A: StormReady is a voluntary program, but we think
it is worth your investment because it can save lives and property.
The NWS recognizes those communities that are better prepared for
Q: I saw the StormReady guidelines on the national website.
Why does my local NWS Office have different guidelines?
A: National StormReady guidelines set minimum requirements
for the program. Many local areas have specific weather-related
needs that local NWS Offices consider during weather emergency planning.
As a result, StormReady allows the creation of Local StormReady
Advisory Boards that have the flexibility to create specific by-laws
for their area. Local Boards also can modify National StormReady
guidelines to meet their specific customer needs.
Q: What constitutes a community?
A: The StormReady program defines "community" as a group
of people within a locality that have common social and economic
interests with an infrastructure that seeks to protect lives
and property. References to "community" in this document include
cities, towns, universities, Indian Nations, and government and private
entities. References to county includes parish.
Q. Can I hire a service provider from America's weather industry to meet any of the StormReady guidelines?
A. Absolutely, you may use data and services provided by America's weather undustry to meet the StormReady guidelines. The NWS is concerned that you are prepared for hazardous weather and will gladly interact with your service provider in the same way that we would interact with you. Your service provider may also want to talk to us about availability of local weather information to meet your needs.
Q: OK, I meet the requirements. When do I get my sign?

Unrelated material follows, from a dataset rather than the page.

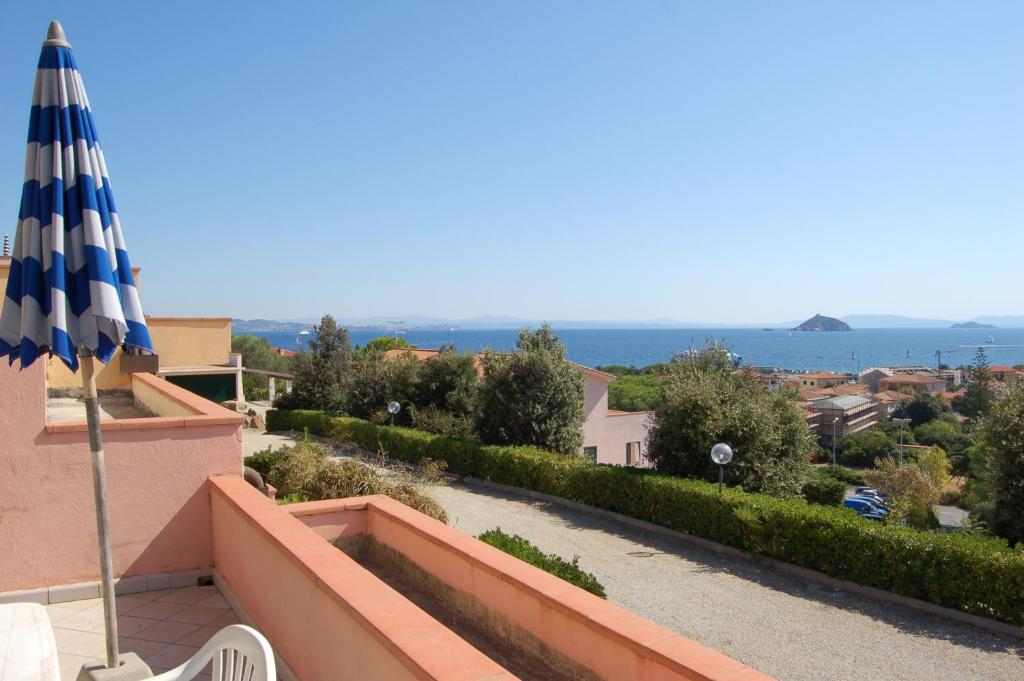 a balcony with an umbrella and a view of the ocean at Solanha monolocale n.4 in Cavo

A: Once you meet the requirements, you will send the
application to the NWS. From there it will go to your Local StormReady
Advisory Board made up of Emergency Managers, the NWS, and other
local/state officials. The board will review the application, and
set up a site visit to verify the information in the application.
When the local board approves you application, your local WCM will
request your sign, which should arrive in about a week.

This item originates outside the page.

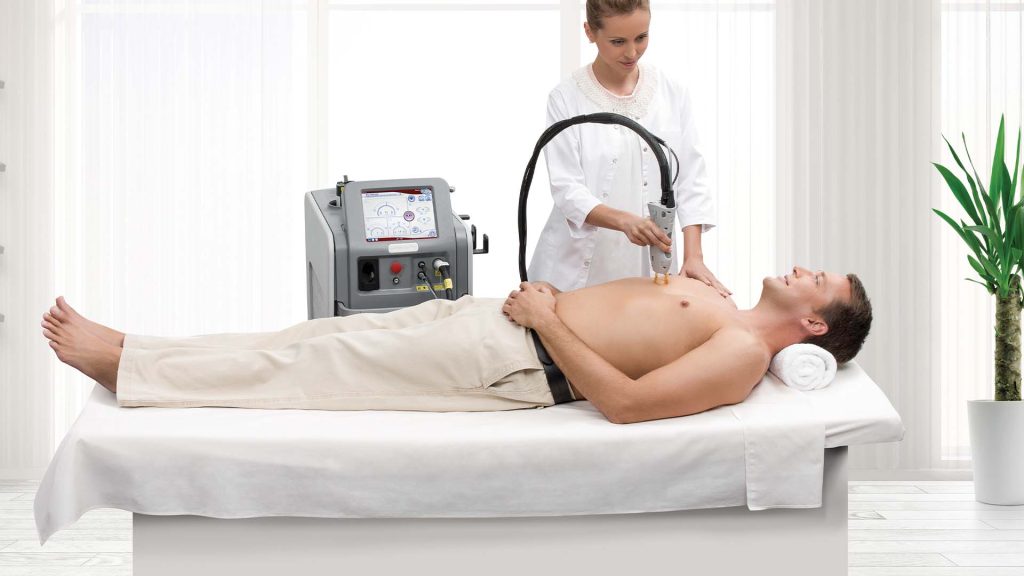 Expert performing Laser Hair Removal on a man's body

Q: How long is my StormReady recognition good for?
A: StormReady recognition is granted for a period of
3 years from the date your local NWS Office Meteorologist-In-Charge
signs your communities official recognition letter.

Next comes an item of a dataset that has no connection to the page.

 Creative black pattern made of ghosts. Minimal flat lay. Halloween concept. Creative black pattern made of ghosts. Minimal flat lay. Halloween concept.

Q: Where can I post my StormReady signs?
A: Emergency Operations
Centers, courthouses, libraries, town halls or other
public facilities. Some communities have posted their signs along highways;
however, if you are considering posting your signs along highways,
first consult county or state road departments
Q: I understand that StormReady guidelines may be
updated annually. Which set of guidelines will be applied to my
A: The guidelines that are in effect at the time you
initially applied will be used to evaluate your application.
Q: What are the requirements for re-recognition?
A: Renewals require a community to go through
the application process again. This helps to ensure that equipment
is in place and updated, contact information is accurate, and allows
for improvements to be made to the program using technological advances
in communications and warning dissemination. Your Local NWS office
will send a letter informing the community of the upcoming renewal
date and direct them to current StormReady guidelines and applications.
Q: I've heard of a program called TsunamiReady. Are StormReady
and TsunamiReady the same thing?
A: TsunamiReady is a companion program to StormReady
that promotes tsunami hazard preparedness as an active collaboration
among federal, state, and local emergency management agencies, the
public, and the NWS tsunami warning system. The preparedness guidelines
of the two programs differ slightly but both are designed to improve
public safety during severe weather and tsunami emergencies.
Q: How to I order more StormReady or TsunamiReady
A: StormReady communities can purchase additional 2x2'
signs from the Oklahoma Correction Industries (OCI) at a cost of
about $42 each, plus shipping. You must first email Melody.Magnus@noaa.gov, who will let OCI know you are a recognized site and send you ordering information. When ordering, ask for the "National
Weather Service StormReady or TsunamiReady Sign".